TASK:
Only those lines in the data below from the line containing "Now let's move" through the line containing "Thanks Patreons. A", both included, should be restated word for word.
####
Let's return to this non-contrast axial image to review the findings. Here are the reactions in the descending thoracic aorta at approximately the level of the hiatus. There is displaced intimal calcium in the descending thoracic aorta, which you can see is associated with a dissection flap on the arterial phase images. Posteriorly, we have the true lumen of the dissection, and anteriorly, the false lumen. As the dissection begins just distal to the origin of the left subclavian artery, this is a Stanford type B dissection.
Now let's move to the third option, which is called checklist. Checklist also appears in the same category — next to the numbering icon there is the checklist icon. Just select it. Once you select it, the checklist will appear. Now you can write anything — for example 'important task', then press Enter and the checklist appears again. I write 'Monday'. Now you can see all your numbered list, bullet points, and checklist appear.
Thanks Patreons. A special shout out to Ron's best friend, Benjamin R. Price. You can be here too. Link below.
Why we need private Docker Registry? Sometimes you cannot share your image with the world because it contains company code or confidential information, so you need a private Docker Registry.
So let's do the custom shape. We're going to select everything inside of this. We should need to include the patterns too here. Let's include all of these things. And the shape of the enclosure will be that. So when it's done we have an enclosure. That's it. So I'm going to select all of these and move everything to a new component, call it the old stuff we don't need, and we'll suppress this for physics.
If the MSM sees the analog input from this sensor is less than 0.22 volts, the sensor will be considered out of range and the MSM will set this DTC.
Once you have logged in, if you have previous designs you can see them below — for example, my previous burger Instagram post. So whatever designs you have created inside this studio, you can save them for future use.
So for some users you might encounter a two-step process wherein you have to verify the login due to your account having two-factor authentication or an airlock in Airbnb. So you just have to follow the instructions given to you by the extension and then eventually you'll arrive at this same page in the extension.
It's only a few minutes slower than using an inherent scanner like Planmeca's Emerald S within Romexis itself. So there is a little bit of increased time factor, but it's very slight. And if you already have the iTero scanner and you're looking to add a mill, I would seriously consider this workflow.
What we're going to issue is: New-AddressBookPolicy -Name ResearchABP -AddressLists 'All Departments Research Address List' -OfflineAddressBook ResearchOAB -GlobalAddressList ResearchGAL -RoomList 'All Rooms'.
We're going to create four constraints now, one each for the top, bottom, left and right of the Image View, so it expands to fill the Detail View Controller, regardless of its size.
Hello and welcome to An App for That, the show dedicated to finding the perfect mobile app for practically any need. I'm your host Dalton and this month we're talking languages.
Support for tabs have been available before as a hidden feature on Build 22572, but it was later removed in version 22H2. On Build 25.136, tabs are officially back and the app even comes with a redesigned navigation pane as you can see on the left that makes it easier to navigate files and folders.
####
SOLUTION FOR THIS TASK:
Now let's move to the third option, which is called checklist. Checklist also appears in the same category — next to the numbering icon there is the checklist icon. Just select it. Once you select it, the checklist will appear. Now you can write anything — for example 'important task', then press Enter and the checklist appears again. I write 'Monday'. Now you can see all your numbered list, bullet points, and checklist appear.
Thanks Patreons. A special shout out to Ron's best friend, Benjamin R. Price. You can be here too. Link below.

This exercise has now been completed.